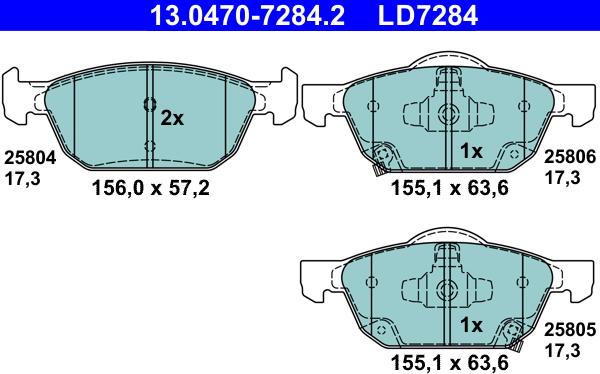 ATE 13.0470-7284.2 - Kit de plaquettes de frein, frein à disque cwaw.fr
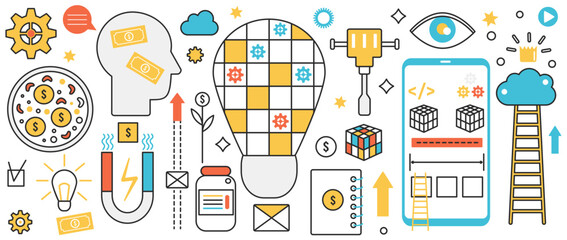 Success business building. Abstract light bulb, financial ideas and solutions for new startup, data analysis and vision of decisions and achievement in infographic concept banner, thin line art design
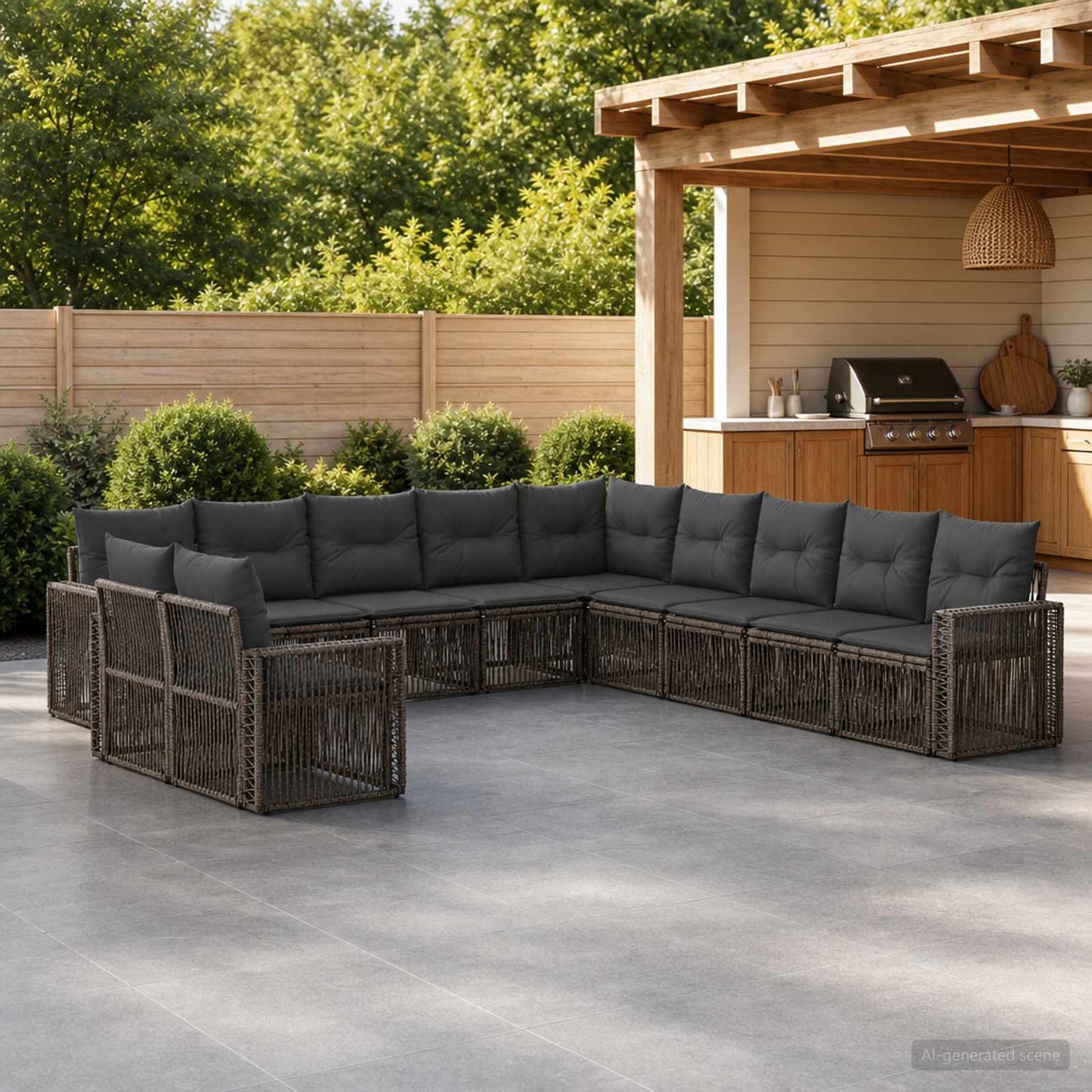 Gartensofa-set 11 pcs Grau und Dunkelgrau Poly-Rattan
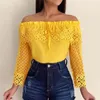 Mode Eleganta Kvinnor Skjorta Virka Slim Toppar Lace Patchwork Broderi Nio Kvartär Äreve Kontor Gul Blus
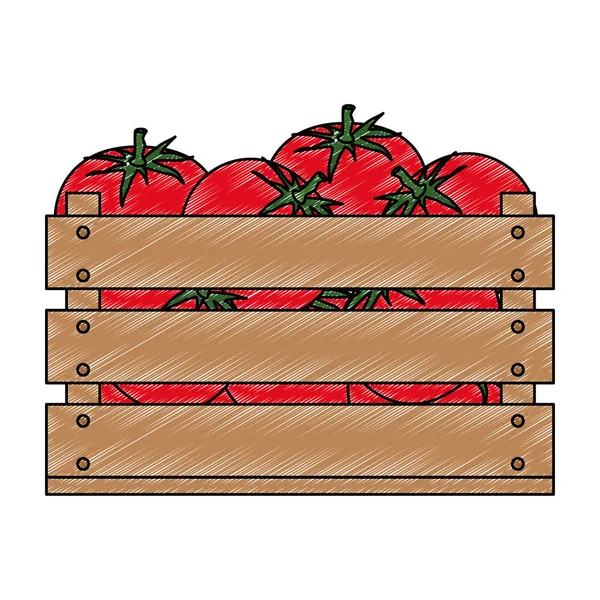 Tomates frescos em caixa de madeira comida vegetariana — Vetor de Stock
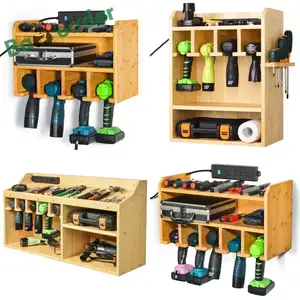 Soporte de almacenamiento de herramientas eléctricas de montaje en pared de madera de varios estilos con soporte de ranuras, organizador de almacenamiento de taladro eléctrico de bambú para llave de banco
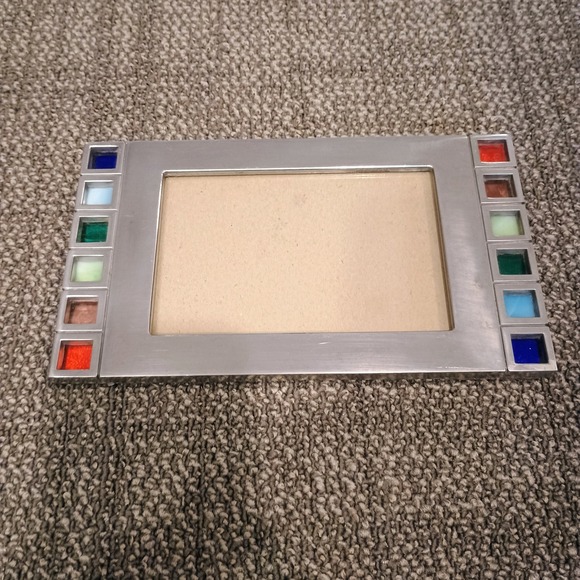 HB Group Other - Vintage 1998 HB Group Silver Metal Multi Color Glass 4x6 Picture Frame Modernist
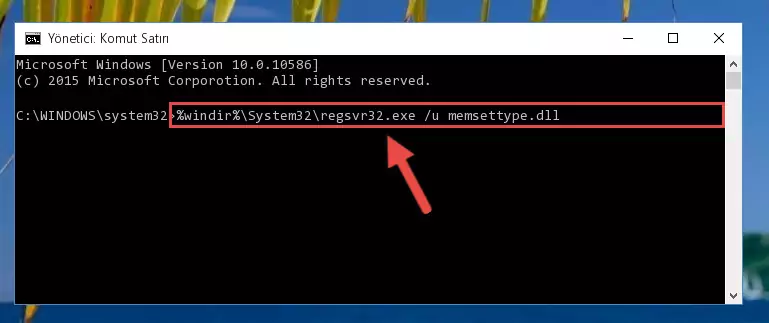 Memsettype.dll kütüphanesini .zip dosyası içinden çıkarma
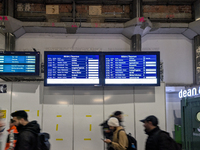 Train services at Munich Central Station are suspended due to people on the track in Munich, Bavaria, Germany, on December 18, 2024. (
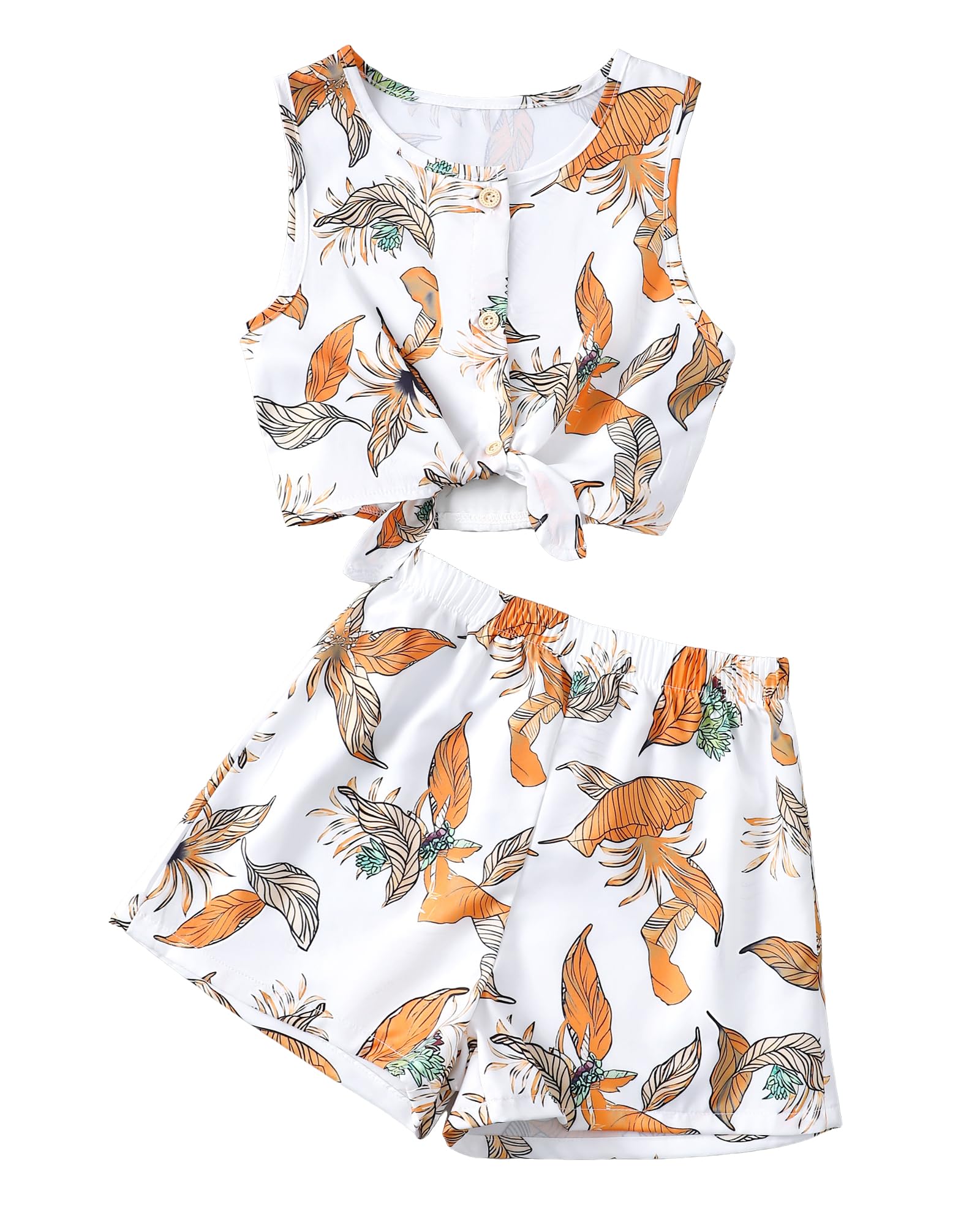Girls Hawaiian Floral Crop Top and Shorts Summer Set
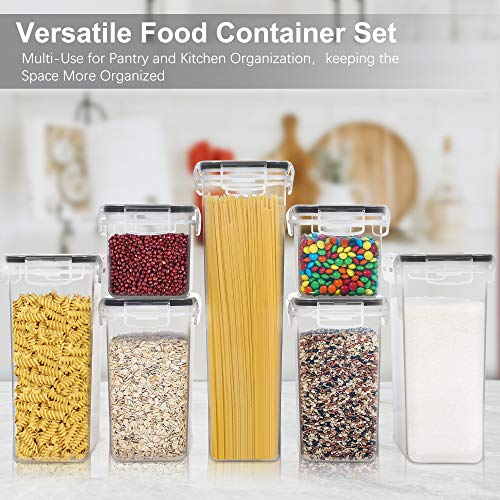 Airtight Food Storage Containers With Lids, Pantrystar 7 Pcs Bpa Free Kitchen Storage Containers For Spaghetti, Pasta, Dry Food,Flour And Sugar, Plastic Canisters For Pantry Organization And Storage #TOP3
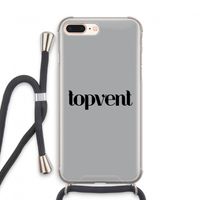 Topvent Grijs Zwart: iPhone 8 Plus Transparant Hoesje met koord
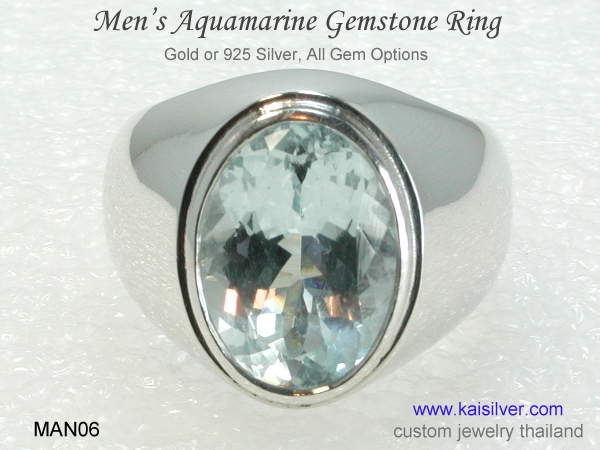 big aquamarine ring men's 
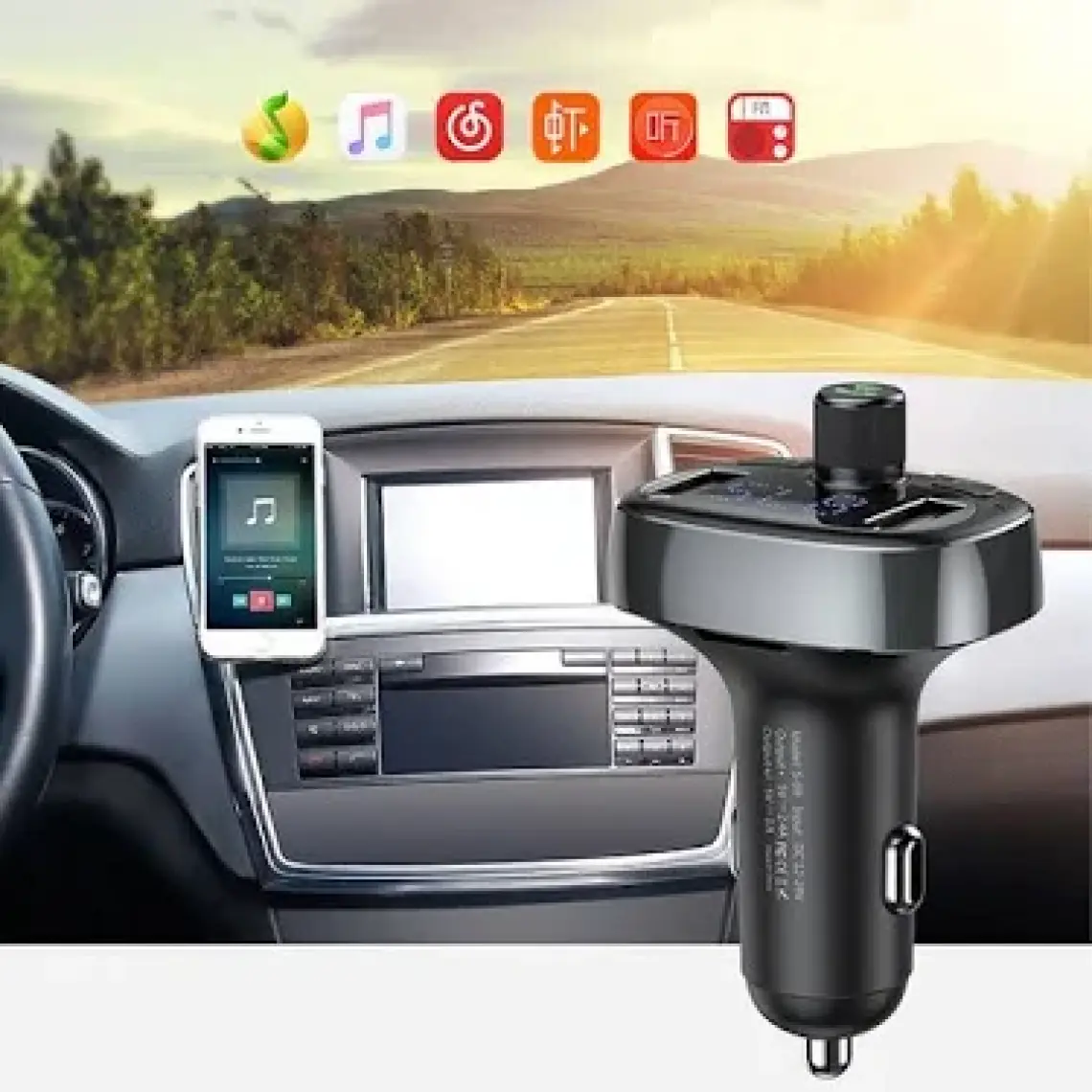 Baseus T Typed S-09 Bluetooth Fm Transmitter Çift Araç Şarj Aleti CALL-TM12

Task directions: Write out an exact copy of the listing, first line through the line containing "Gartensofa-set 11 pcs", with the pictures left out.

Answer to the problem:
 ATE 13.0470-7284.2 - Kit de plaquettes de frein, frein à disque cwaw.fr
 Success business building. Abstract light bulb, financial ideas and solutions for new startup, data analysis and vision of decisions and achievement in infographic concept banner, thin line art design
 Gartensofa-set 11 pcs Grau und Dunkelgrau Poly-Rattan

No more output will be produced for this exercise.